BEGIN
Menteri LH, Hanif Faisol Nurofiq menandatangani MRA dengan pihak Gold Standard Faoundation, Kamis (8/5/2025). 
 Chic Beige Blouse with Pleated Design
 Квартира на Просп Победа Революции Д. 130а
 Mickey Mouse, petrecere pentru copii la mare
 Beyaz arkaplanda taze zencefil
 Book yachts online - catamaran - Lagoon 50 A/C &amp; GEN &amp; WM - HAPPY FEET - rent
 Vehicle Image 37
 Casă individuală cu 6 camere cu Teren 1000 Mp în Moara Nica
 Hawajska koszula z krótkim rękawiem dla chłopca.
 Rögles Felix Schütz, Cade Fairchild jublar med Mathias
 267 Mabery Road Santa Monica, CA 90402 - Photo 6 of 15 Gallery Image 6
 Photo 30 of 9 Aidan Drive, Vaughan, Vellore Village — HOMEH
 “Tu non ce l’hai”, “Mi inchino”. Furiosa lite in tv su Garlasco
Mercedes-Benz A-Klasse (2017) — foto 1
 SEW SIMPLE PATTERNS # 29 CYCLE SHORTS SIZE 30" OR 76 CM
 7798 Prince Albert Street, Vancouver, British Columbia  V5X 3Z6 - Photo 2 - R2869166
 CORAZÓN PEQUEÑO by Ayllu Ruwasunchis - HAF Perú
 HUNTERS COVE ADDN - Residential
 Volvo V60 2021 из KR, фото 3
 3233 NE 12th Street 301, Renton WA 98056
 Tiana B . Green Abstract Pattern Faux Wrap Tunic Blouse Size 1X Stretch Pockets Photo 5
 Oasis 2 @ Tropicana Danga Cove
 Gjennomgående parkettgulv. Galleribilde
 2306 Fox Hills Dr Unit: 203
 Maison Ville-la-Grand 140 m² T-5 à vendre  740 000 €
END
Copy out all lines of the material above in which "Photo" occurs.

— SOLUTION TO THE EXERCISE —
 267 Mabery Road Santa Monica, CA 90402 - Photo 6 of 15 Gallery Image 6
 Photo 30 of 9 Aidan Drive, Vaughan, Vellore Village — HOMEH
 7798 Prince Albert Street, Vancouver, British Columbia  V5X 3Z6 - Photo 2 - R2869166
 Tiana B . Green Abstract Pattern Faux Wrap Tunic Blouse Size 1X Stretch Pockets Photo 5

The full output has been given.